▶ [Task objective]: Pictures must not appear in the copy. Restate exactly the lines below from the one with "1275 Gabriella Court, Mattituck, NY 11952" through the one with "Apartment for sale in Otakou", inclusive.

##### Data records #####

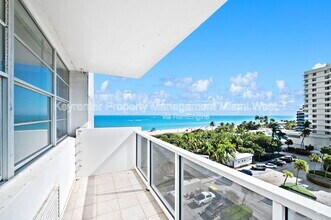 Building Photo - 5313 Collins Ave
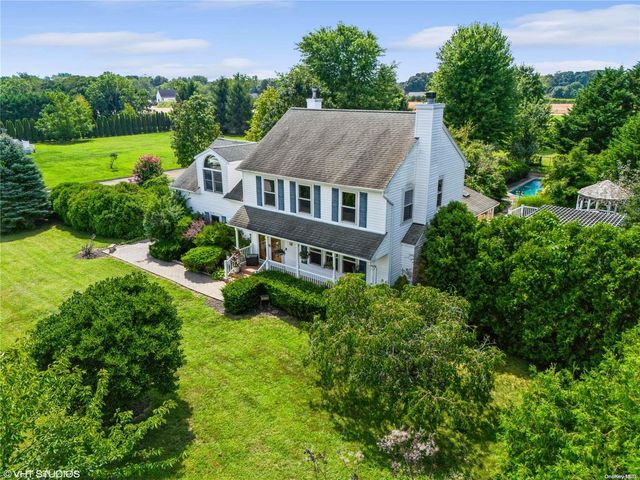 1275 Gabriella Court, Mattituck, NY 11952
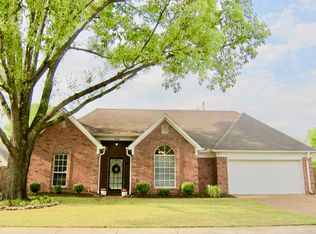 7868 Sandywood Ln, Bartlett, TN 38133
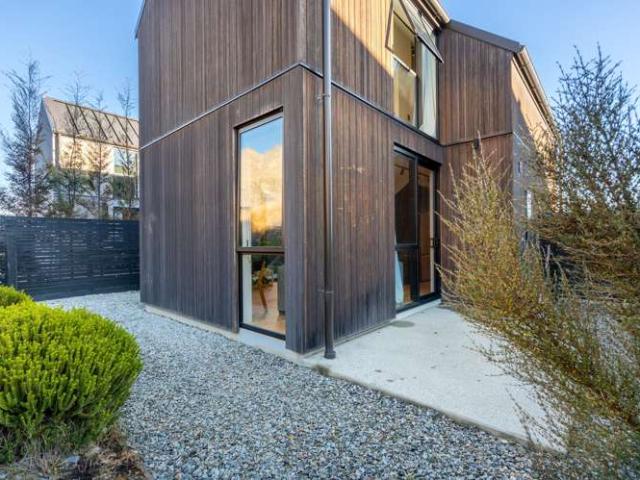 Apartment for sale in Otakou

#####
##### Data records #####

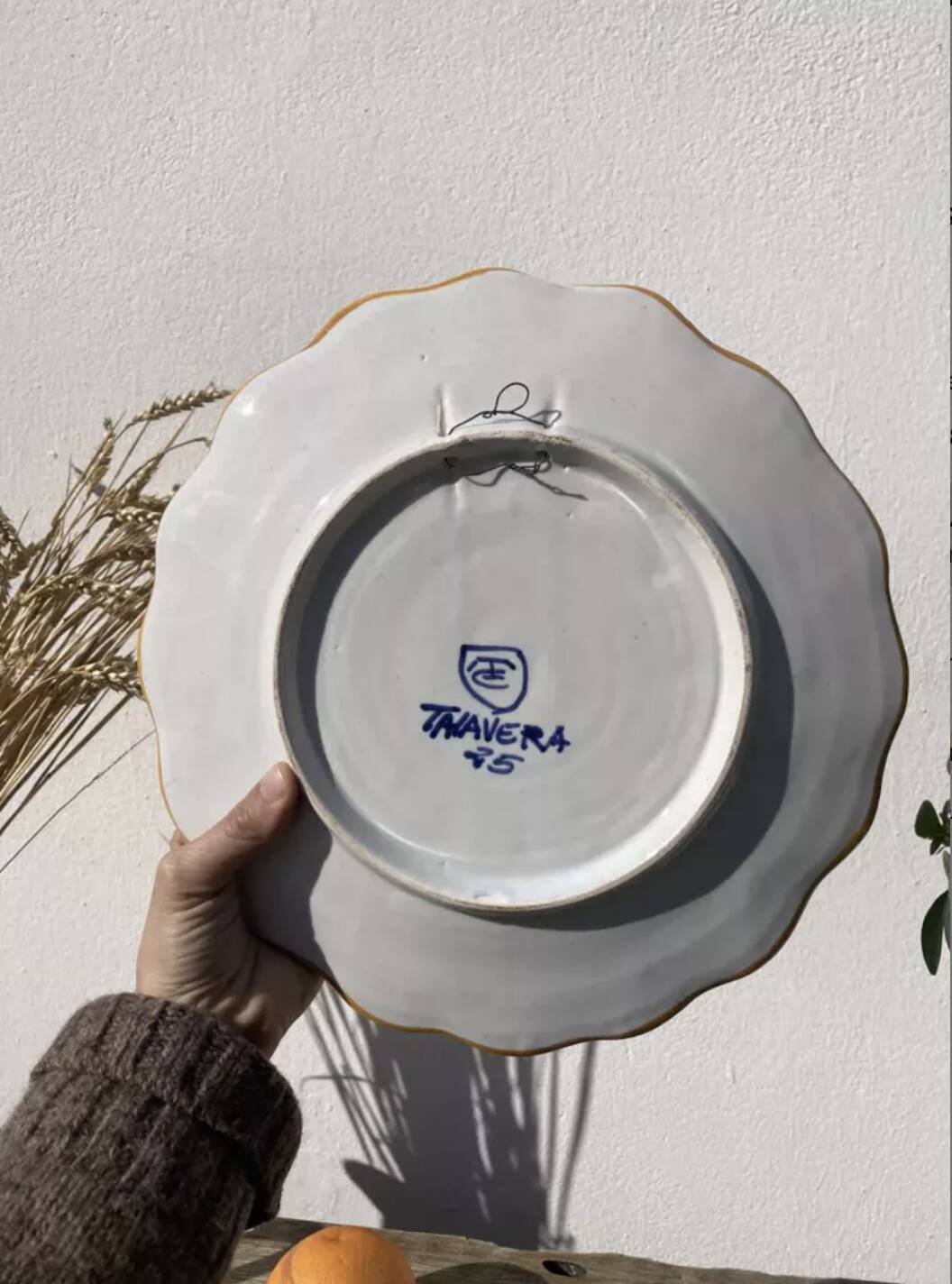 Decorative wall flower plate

#####
##### Data records #####

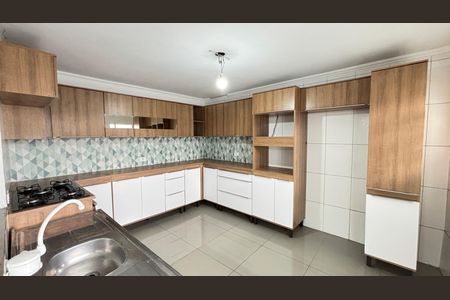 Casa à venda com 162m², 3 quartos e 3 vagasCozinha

#####

▶ [Answer space]:
 1275 Gabriella Court, Mattituck, NY 11952
 7868 Sandywood Ln, Bartlett, TN 38133
 Apartment for sale in Otakou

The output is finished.